◆ Working data
↓

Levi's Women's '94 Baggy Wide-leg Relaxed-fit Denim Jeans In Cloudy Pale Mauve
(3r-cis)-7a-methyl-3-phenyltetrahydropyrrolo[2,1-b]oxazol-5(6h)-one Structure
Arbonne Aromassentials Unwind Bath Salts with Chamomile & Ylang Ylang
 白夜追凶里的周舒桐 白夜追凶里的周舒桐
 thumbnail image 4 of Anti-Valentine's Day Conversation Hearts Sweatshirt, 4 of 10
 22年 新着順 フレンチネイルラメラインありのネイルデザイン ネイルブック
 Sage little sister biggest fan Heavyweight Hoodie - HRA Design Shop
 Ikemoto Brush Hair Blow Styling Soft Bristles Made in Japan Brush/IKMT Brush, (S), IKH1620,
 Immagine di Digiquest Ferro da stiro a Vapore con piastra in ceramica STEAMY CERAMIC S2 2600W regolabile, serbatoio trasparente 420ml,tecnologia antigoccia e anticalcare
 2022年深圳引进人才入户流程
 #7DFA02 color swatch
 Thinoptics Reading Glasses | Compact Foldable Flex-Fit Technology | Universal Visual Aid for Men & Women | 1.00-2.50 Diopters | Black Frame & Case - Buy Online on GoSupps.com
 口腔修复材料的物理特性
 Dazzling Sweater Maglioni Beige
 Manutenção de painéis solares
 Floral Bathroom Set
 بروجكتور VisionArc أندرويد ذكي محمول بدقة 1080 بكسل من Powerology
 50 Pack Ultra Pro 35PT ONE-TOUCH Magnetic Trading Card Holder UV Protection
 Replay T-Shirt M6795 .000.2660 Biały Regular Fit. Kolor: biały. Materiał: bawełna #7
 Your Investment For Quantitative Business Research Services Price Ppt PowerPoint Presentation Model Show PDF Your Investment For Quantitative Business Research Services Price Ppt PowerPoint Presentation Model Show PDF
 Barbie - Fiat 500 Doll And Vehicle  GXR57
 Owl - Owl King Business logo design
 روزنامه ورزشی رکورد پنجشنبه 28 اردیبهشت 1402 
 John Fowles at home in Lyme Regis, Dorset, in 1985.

↑

◆ What the task asks
What should come out is the exact run of lines from the one holding "Replay T-Shirt M6795" through the end of the records above, and nothing besides.

◆ Solution to this problem
 Replay T-Shirt M6795 .000.2660 Biały Regular Fit. Kolor: biały. Materiał: bawełna #7
 Your Investment For Quantitative Business Research Services Price Ppt PowerPoint Presentation Model Show PDF Your Investment For Quantitative Business Research Services Price Ppt PowerPoint Presentation Model Show PDF
 Barbie - Fiat 500 Doll And Vehicle  GXR57
 Owl - Owl King Business logo design
 روزنامه ورزشی رکورد پنجشنبه 28 اردیبهشت 1402 
 John Fowles at home in Lyme Regis, Dorset, in 1985.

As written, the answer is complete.